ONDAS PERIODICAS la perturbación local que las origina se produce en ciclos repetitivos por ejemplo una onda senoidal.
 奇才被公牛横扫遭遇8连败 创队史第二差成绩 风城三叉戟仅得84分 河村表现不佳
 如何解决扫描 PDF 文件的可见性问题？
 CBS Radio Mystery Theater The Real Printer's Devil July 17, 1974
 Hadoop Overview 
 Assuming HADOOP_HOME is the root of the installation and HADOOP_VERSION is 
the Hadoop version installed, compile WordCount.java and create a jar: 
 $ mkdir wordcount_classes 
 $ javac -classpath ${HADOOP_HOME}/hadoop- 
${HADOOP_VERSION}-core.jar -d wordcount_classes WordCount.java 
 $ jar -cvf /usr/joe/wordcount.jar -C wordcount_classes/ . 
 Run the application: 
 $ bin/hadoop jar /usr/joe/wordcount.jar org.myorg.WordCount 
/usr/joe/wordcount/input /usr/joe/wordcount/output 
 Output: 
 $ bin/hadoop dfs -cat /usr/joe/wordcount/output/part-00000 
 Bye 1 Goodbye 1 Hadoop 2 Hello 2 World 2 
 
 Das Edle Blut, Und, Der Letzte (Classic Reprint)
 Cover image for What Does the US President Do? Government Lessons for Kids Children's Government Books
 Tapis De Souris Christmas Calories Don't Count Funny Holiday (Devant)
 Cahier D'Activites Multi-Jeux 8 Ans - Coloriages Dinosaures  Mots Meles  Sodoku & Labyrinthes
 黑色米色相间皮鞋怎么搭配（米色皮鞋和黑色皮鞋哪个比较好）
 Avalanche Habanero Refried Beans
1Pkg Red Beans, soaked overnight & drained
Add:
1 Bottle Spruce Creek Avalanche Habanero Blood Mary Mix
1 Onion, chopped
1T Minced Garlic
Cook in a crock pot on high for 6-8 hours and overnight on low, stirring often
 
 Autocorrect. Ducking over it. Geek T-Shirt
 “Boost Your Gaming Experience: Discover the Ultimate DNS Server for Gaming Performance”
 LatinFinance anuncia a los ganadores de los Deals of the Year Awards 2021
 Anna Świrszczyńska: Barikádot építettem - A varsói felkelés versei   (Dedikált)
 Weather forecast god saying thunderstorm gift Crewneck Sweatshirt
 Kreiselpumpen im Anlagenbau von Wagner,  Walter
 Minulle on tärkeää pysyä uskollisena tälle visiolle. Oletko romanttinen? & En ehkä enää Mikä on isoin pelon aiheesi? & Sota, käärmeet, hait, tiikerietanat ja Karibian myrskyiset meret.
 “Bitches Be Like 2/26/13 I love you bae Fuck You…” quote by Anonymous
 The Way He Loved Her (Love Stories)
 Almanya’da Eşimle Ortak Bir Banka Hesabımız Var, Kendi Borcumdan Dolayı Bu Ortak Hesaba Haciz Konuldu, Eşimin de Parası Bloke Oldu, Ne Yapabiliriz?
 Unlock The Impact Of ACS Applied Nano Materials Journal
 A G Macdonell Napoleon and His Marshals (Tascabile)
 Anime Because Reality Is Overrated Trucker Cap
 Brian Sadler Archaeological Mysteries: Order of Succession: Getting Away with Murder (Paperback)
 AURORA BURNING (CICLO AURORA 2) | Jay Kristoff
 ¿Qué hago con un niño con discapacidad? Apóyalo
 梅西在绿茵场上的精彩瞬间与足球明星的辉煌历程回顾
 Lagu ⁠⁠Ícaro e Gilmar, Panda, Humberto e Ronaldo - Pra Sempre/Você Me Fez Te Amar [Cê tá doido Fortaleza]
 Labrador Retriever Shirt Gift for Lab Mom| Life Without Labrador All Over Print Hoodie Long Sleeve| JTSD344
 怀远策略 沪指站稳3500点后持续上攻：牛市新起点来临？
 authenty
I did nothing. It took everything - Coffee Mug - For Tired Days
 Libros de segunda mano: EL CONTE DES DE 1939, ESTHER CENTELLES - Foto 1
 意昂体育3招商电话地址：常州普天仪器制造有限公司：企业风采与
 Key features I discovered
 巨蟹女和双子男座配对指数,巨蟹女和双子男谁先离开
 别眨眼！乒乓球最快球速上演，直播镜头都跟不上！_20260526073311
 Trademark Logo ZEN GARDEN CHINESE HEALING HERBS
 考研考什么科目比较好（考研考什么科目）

◆ Required work
Report all lines of the material that contain the word "Avalanche".

◆ Response box
 Avalanche Habanero Refried Beans
1 Bottle Spruce Creek Avalanche Habanero Blood Mary Mix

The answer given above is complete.